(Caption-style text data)
****
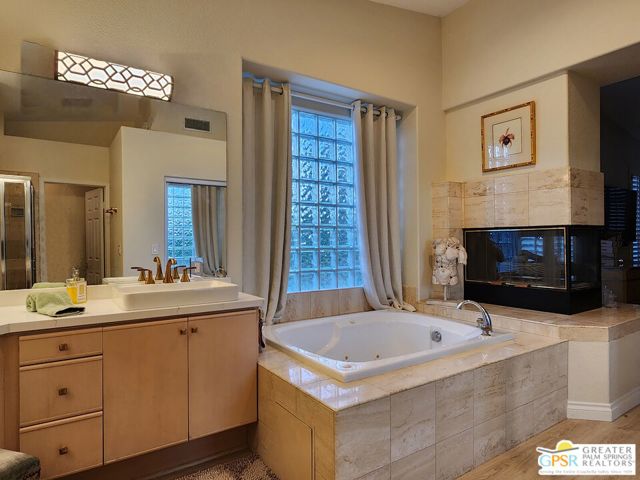 36660 Palm Court, Rancho Mirage CA: https://media.crmls.org/mediaz/4df55ac8-4281-4331-b1a8-87c314f92759.jpg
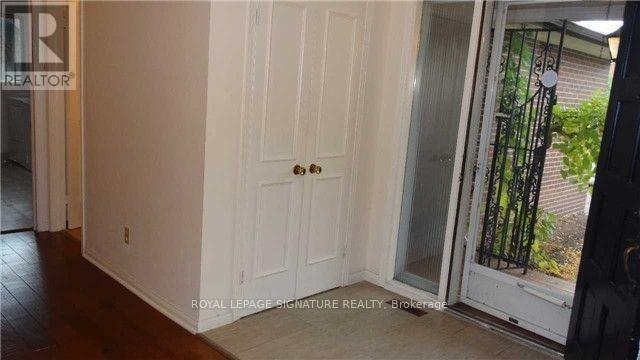 10 Teagarden Court, Toronto, Ontario  M2N 5Z9 - Photo 6 - C12553874
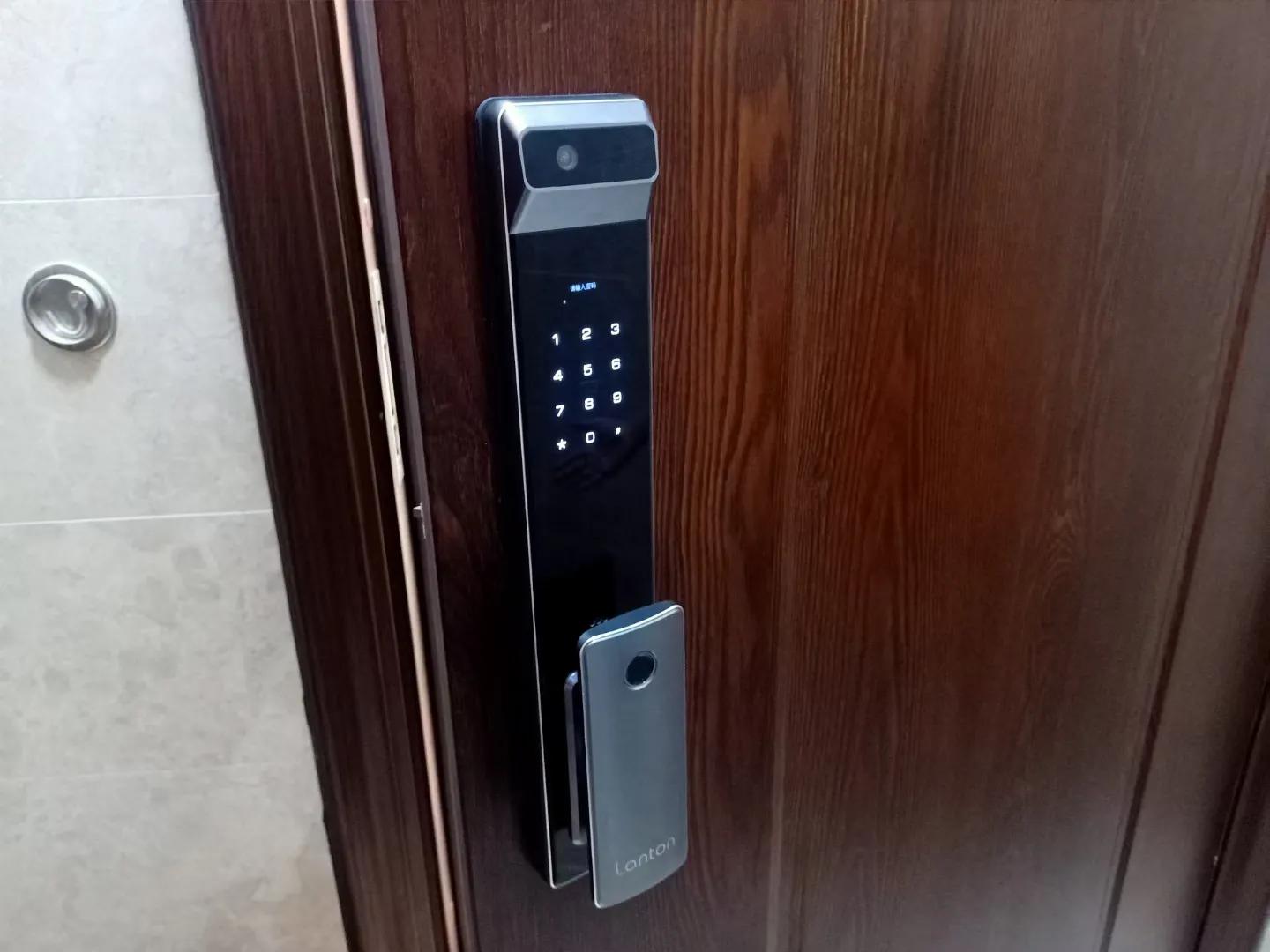 人脸识别的智能锁便宜和贵的区别,人脸识别智能锁好用吗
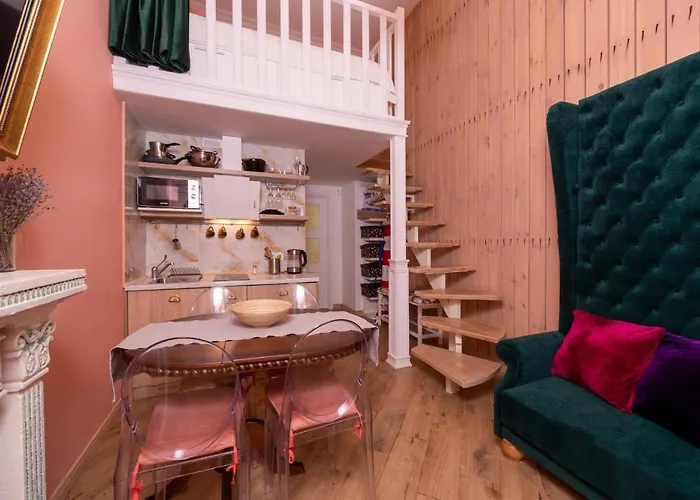 трирівневий лофт із спальнею-укриттям Self Check-in 247 *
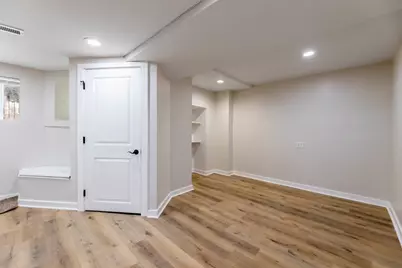 4241 S Calumet Avenue #G, Chicago, IL 60653 - Photo 12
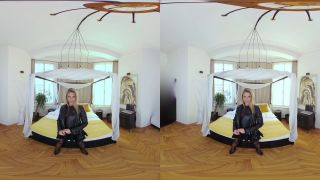 Video VR Intimacy 006 : Perfection Up Close : Cara Mell 1920p Ultra...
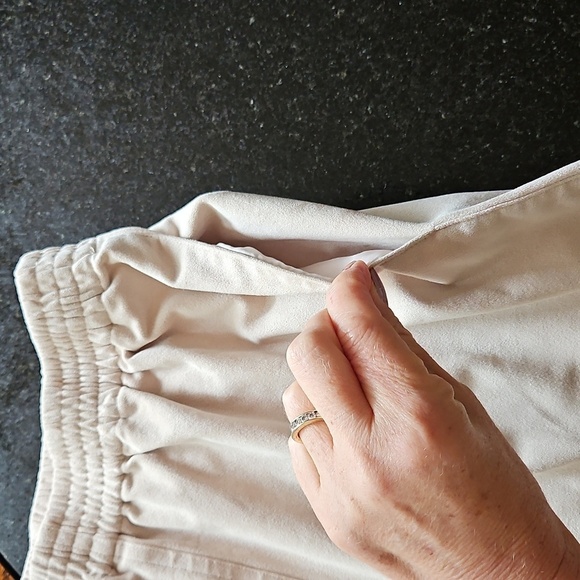 Aritzia Le Fou Wilfred Vegan Suede Funk Shorts Size 6 In Oyster - Picture 10 of 14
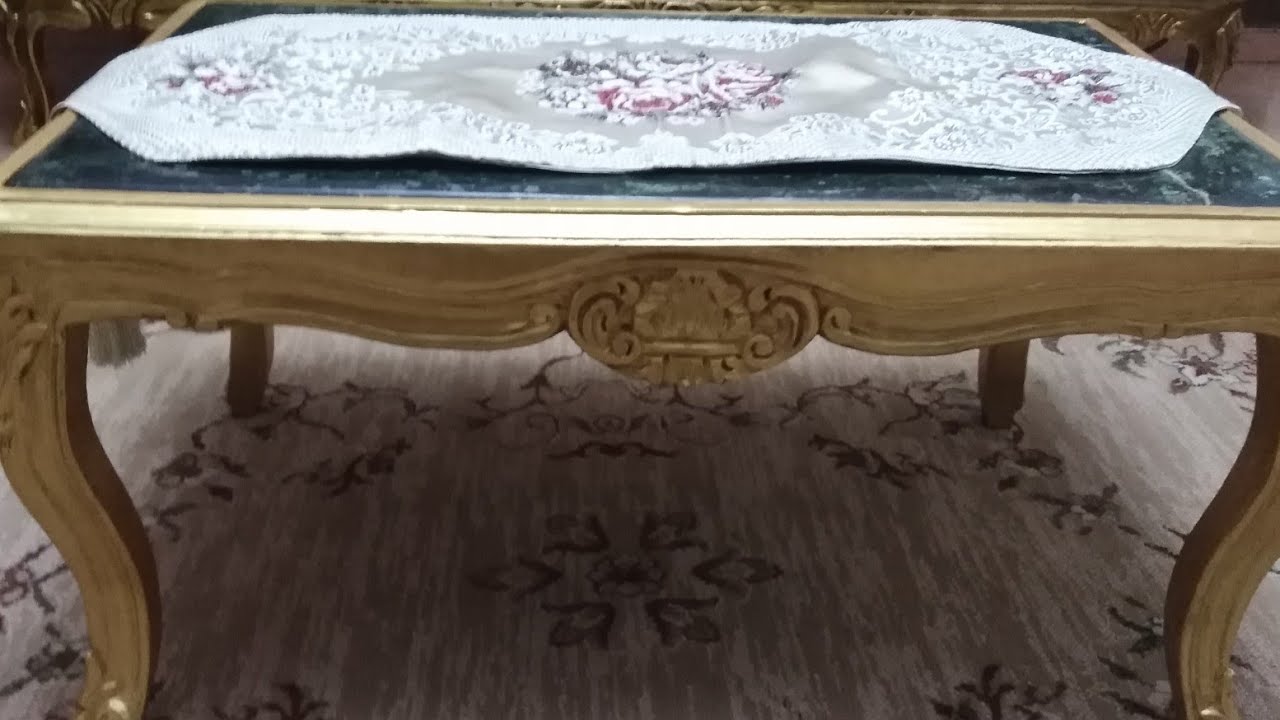 دهان ترابيزة الصالون المقشرة باللون الذهبي (سلسلة إعادة تجديد صالوني القديم الحلقة الأولى)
****
§ Exercise prompt: Return only the stretch above from the line containing "10 Teagarden Court, Toronto, Ontario" through the line containing "Video VR Intimacy", word for word and without pictures.

§ Result:
 10 Teagarden Court, Toronto, Ontario  M2N 5Z9 - Photo 6 - C12553874
 人脸识别的智能锁便宜和贵的区别,人脸识别智能锁好用吗
 трирівневий лофт із спальнею-укриттям Self Check-in 247 *
 4241 S Calumet Avenue #G, Chicago, IL 60653 - Photo 12
 Video VR Intimacy 006 : Perfection Up Close : Cara Mell 1920p Ultra...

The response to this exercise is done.